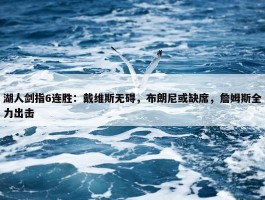 湖人剑指6连胜：戴维斯无碍，布朗尼或缺席，詹姆斯全力出击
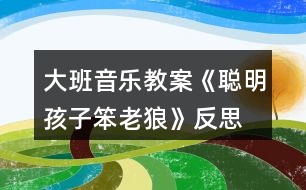 大班音樂教案《聰明孩子笨老狼》反思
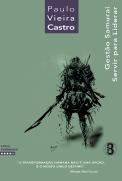 Gestão Samurai - Servir para Liderar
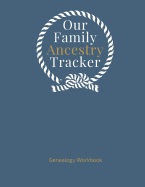 Our Family Ancestry Tracker Genealogy Workbook: Research Your Heritage and Track Your Ancestor Information; Worksheels, Checklists, Forms and Notes
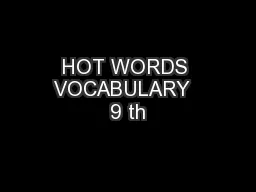 HOT WORDS VOCABULARY  9 th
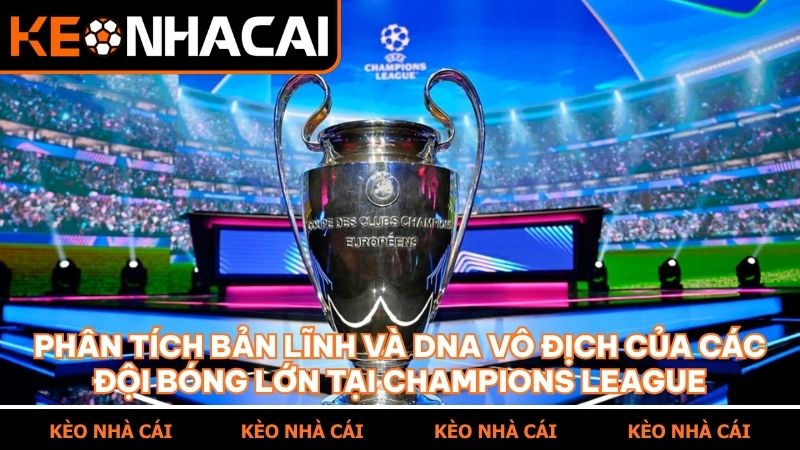Bản lĩnh của các đội bóng lớn là yếu tố tiên quyết khi soi kèo Cup C1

·····

## THE PROBLEM:
Leave the pictures out and return each entry exactly.

## WRITTEN SOLUTION:
 湖人剑指6连胜：戴维斯无碍，布朗尼或缺席，詹姆斯全力出击
 大班音樂教案《聰明孩子笨老狼》反思
 Gestão Samurai - Servir para Liderar
 Our Family Ancestry Tracker Genealogy Workbook: Research Your Heritage and Track Your Ancestor Information; Worksheels, Checklists, Forms and Notes
 HOT WORDS VOCABULARY  9 th
Bản lĩnh của các đội bóng lớn là yếu tố tiên quyết khi soi kèo Cup C1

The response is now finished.